• [WHAT IS EXPECTED] The data must be reproduced verbatim; images are to be omitted.

• [SUPPLIED MATERIAL]
○ ○ ○ ○ ○

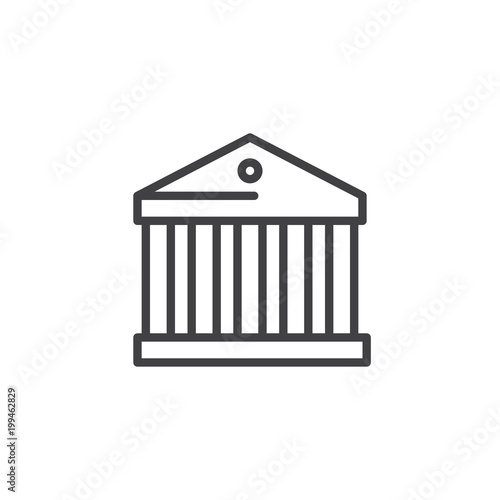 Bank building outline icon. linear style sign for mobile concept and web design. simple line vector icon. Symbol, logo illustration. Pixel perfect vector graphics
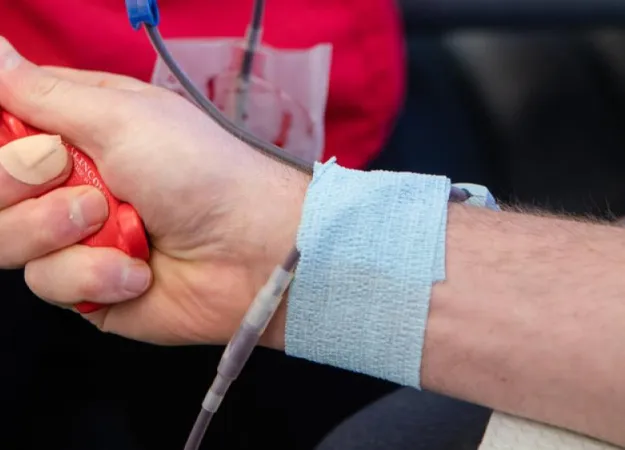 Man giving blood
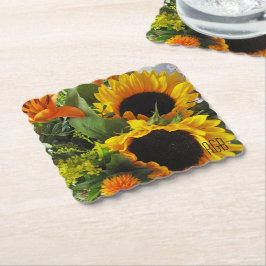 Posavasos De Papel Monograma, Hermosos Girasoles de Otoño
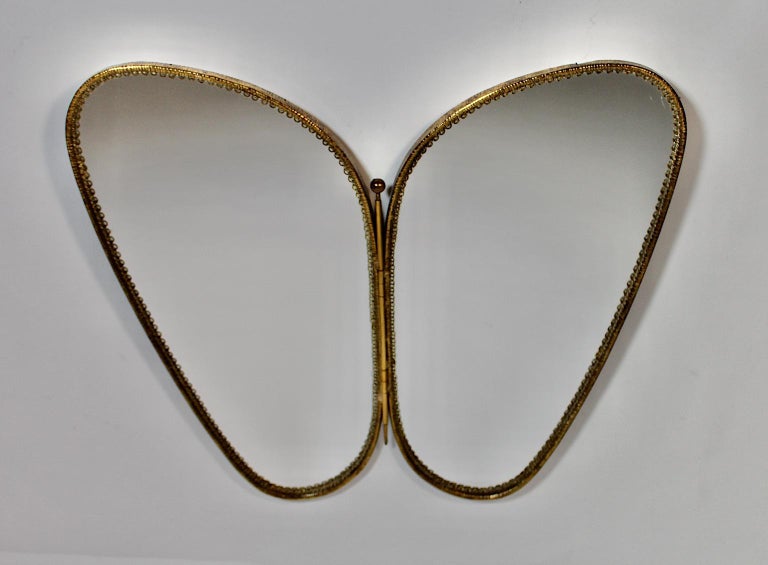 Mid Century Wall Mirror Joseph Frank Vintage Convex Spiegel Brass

○ ○ ○ ○ ○

• [THE COMPLETED TASK]
 Bank building outline icon. linear style sign for mobile concept and web design. simple line vector icon. Symbol, logo illustration. Pixel perfect vector graphics
 Man giving blood
 Posavasos De Papel Monograma, Hermosos Girasoles de Otoño
 Mid Century Wall Mirror Joseph Frank Vintage Convex Spiegel Brass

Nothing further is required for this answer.